The ratification is based on Loi portant approbation du traité sur la stabilité, la coordination et la gouvernance au sein de l’Union économique et monétaire, signé à Bruxelles, le 2 mars 2012. Since the Treaty includes the transfer of sovereign competences to an international institution, it is based on Article 49bis Luxembourg Constitution which lays down that the competences reserved to the legislative, executive and judicial powers by the constitution can be transferred to an international institution by a treaty (see for the constitutional background question V.2; for the discussion about the necessity of a qualified majority in this case see question IX.3). The Luxembourg Fiscal Compact ratification law (Loi portant approbation du traité sur la stabilité, la coordination et la gouvernance au sein de l’Union économique et monétaire, signé à Bruxelles, le 2 mars 2012) passed the Chambre des Députés on 27 February 2013. 46 members of parliament voted in favour, among them the members of the government coalition from the CSV (Christian Democrats) and the LSAP (Social Democrats) as well as MPs from parties being in opposition (DP (Conservative Liberals) and M. Jacques-Yves Henckes (Indépendant)). 10 MPs voted against the law (déi gréng (the Greens), ADR (National Conservatives), déi Lénk (Democratic Socialists) and M. Jean Colombera (Indépendant)).

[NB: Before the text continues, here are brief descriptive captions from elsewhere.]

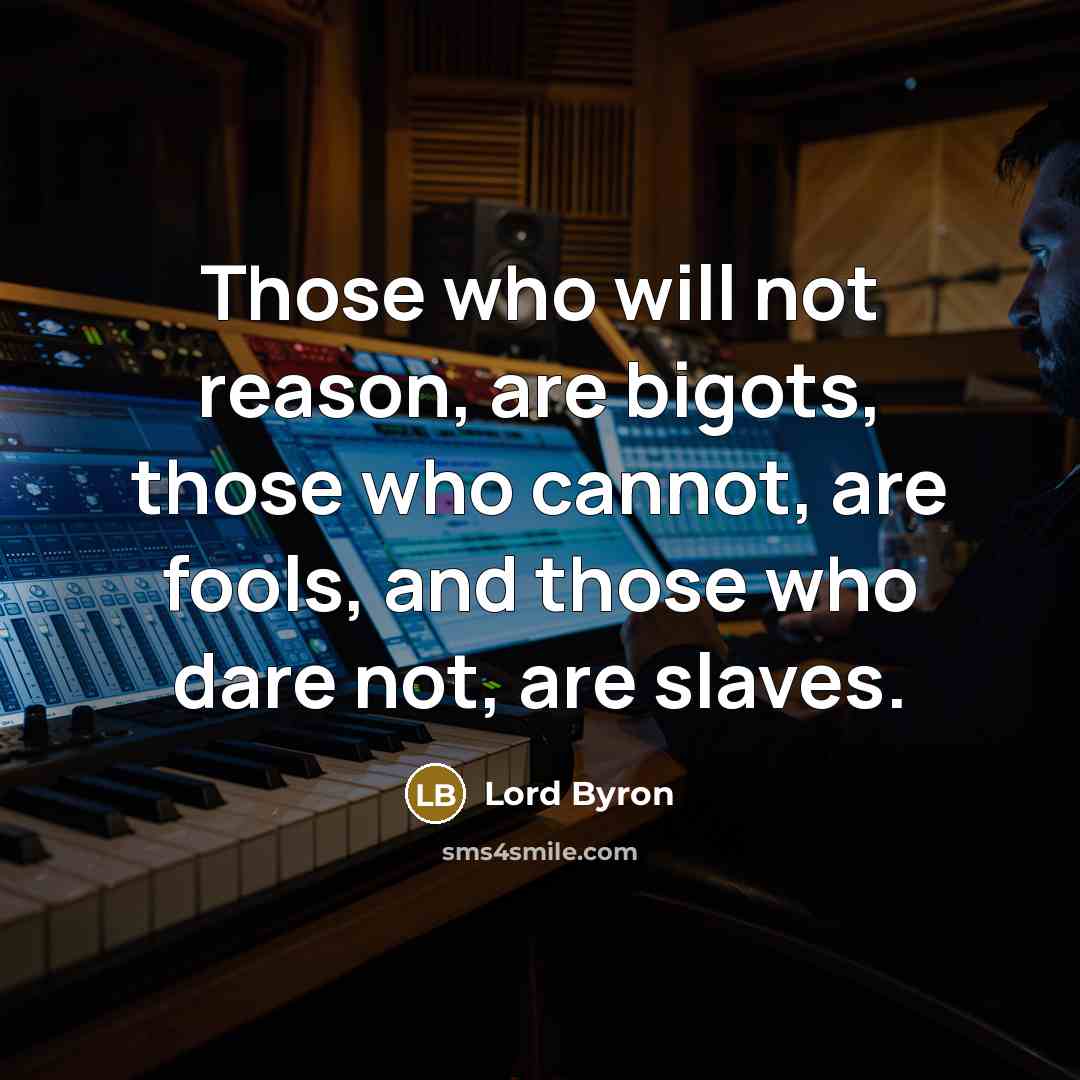 “Those who will not reason, are bigots, those who cannot,…” quote by Lord Byron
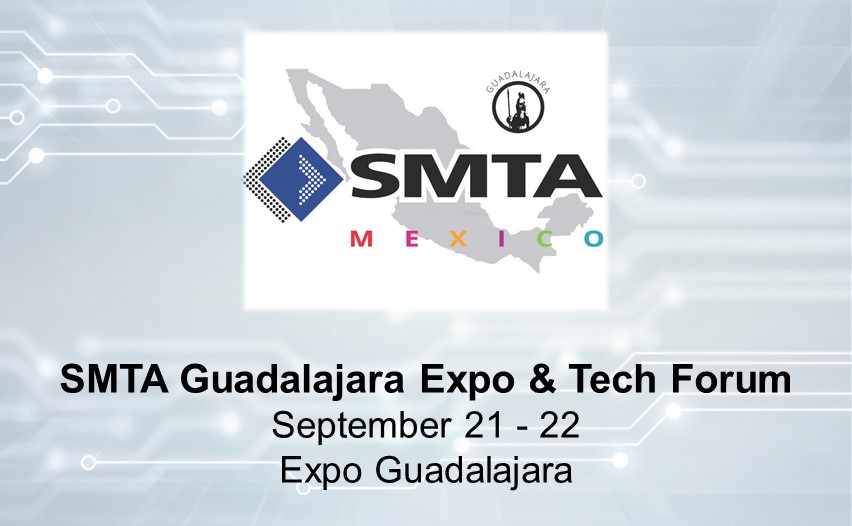 SMTA Guadalajara Expo & Tech Forum MacDermid Alpha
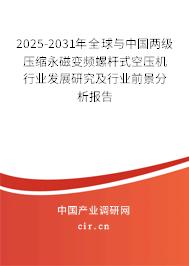 2025-2031年全球與中國兩級壓縮永磁變頻螺桿式空壓機行業發展研究及行業前景分析報告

Both Indépendants Jacques-Yves Henckes and Jean Colombera were members of the ADR, but left the party at the end of the year 2012 because of inner-party conflicts, which were not directly related to the adoption of the Fiscal Compact, but on domestic political questions as well as the general point of view towards the EU. Henckes left the party on 18 December 2012 , Colombera on 21 December 2012. The law entered into force on 4 April 2013, entitled “Loi du 29 mars 2013 portant approbation du traité sur la stabilité, la coordination et la gouvernance au sein de l’Union économique et monétaire, signé à Bruxelles, le 2 mars 2012“.
What political/legal difficulties did Luxembourg encounter during the ratification of the Fiscal Compact?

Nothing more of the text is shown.